All of the data that follows should be given again exactly, without its images.

Data shown:

◆ ◆ ◆ ◆

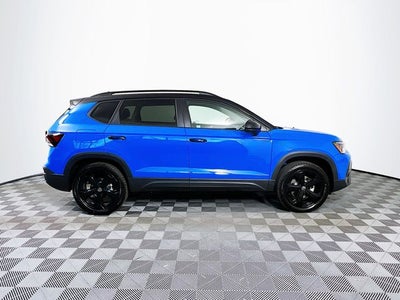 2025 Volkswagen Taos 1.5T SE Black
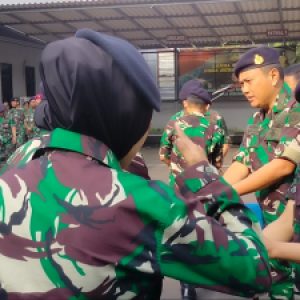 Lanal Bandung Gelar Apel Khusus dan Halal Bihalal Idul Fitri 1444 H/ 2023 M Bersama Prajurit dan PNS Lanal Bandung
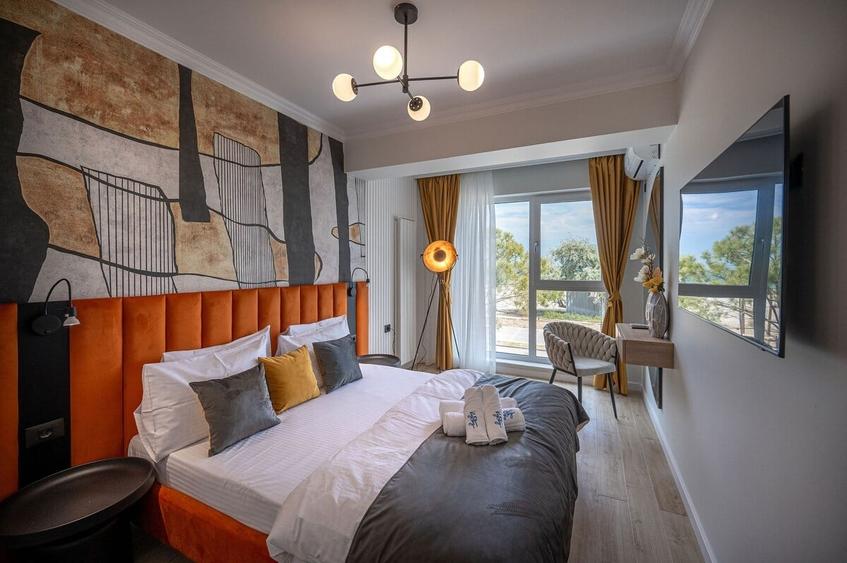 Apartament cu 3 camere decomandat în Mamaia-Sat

◆ ◆ ◆ ◆

Reply to the task:
 2025 Volkswagen Taos 1.5T SE Black
 Lanal Bandung Gelar Apel Khusus dan Halal Bihalal Idul Fitri 1444 H/ 2023 M Bersama Prajurit dan PNS Lanal Bandung
 Apartament cu 3 camere decomandat în Mamaia-Sat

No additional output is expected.